# H&M Personalized fashion recommendation

![image.png](attachment:b129d8fd-38c2-477d-aba1-98b68b4e7d65.png)

#### images/ 

A folder of images corresponding to each article_id; images are placed in subfolders starting with the first three digits of the article_id; note, not all article_id values have a corresponding image.

#### articles.csv 

Detailed metadata for each article_id available for purchase

#### customers.csv 

Metadata for each customer_id in dataset

#### sample_submission.csv 

A sample submission file in the correct format

#### transactions_train.csv 

The training data, consisting of the purchases each customer for each date, as well as additional information.

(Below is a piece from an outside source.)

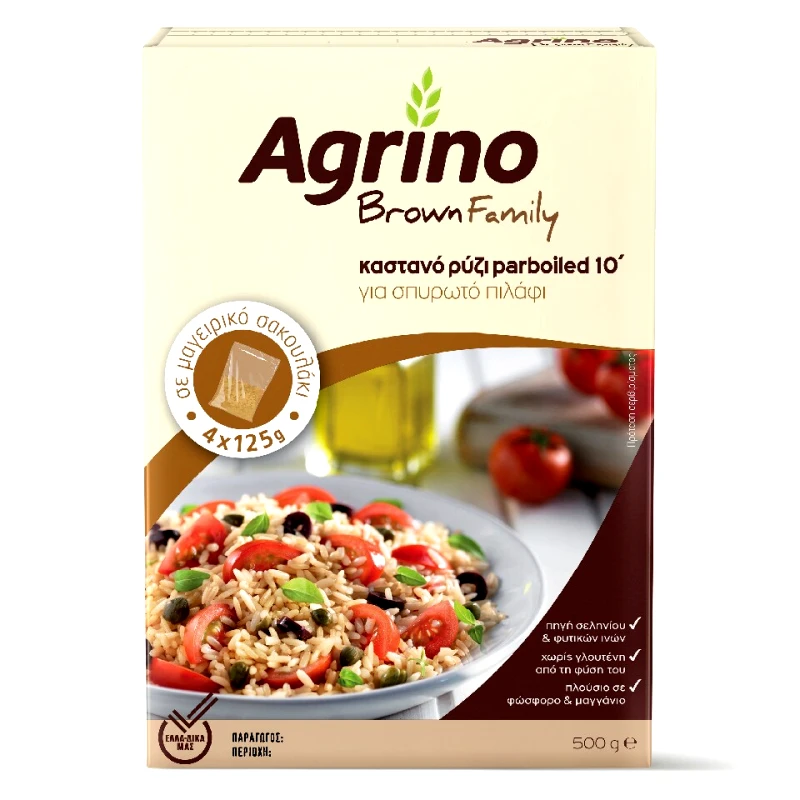 AGRINO Ρύζι Καστανό Πιλάφι 500 gr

Duplicate rows correspond to multiple purchases of the same item. Your task is to predict the article_ids each customer will purchase during the 7-day period immediately after the training data period.

## Index

* Articles.csv

* Customers.csv
 
* Transactions.csv

* Images and network plots

In [None]:
# Imports

import pandas as pd
import numpy as np
import networkx as nx
import os
import matplotlib.pyplot as plt
import seaborn as sns
from wordcloud import WordCloud, STOPWORDS
import plotly.express as px
import cv2

import warnings
warnings.filterwarnings("ignore")

%matplotlib inline

In [None]:
# reading the files

articles = pd.read_csv("../input/h-and-m-personalized-fashion-recommendations/articles.csv")
customers = pd.read_csv("../input/h-and-m-personalized-fashion-recommendations/customers.csv")
transactions = pd.read_csv("../input/h-and-m-personalized-fashion-recommendations/transactions_train.csv")

In [None]:
# Helper plot functions

def plot_value_counts(data,column,p,labels):
    
    age_counts = data[column].value_counts()[p[0]:p[1]]

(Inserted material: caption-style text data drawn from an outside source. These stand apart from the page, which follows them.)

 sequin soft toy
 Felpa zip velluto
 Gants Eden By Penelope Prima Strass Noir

    fig = px.bar(age_counts,color = age_counts)
    fig.update_layout(
        xaxis_title = labels[0],
        yaxis_title = labels[1],
        title_x = 0.5, 
        showlegend = False,
        
    )
    fig.update_xaxes(tickangle=90)
    fig.show()
    
    
    
    
def plot_wordcloud(data,column):
    
    text = ' '.join(list(data[column]))
    wordcloud = WordCloud().generate(text)
    return wordcloud
    
    

### Looking inside articles.csv

In [None]:
articles.head()

In [None]:
# Different product attributes

print(articles.columns)

In [None]:
# Check no of products and description in articles

print(f'\033[94mNo of products: ',articles.shape[0])
print(f'\033[94mNo of product attributes: ',articles.shape[1])
print("")
print(f'\033[92mNo of different product types: ',len(articles['product_type_name'].unique()))
print(f'\033[92mNo of different product groups: ',len(articles['product_group_name'].unique()))
print(f'\033[92mNo of different color groups: ',len(articles['colour_group_name'].unique()))
print(f'\033[92mNo of different sections in H&M: ',len(articles['section_name'].unique()))
print(f'\033[92mNo of different departments in H&M: ',len(articles['department_name'].unique()))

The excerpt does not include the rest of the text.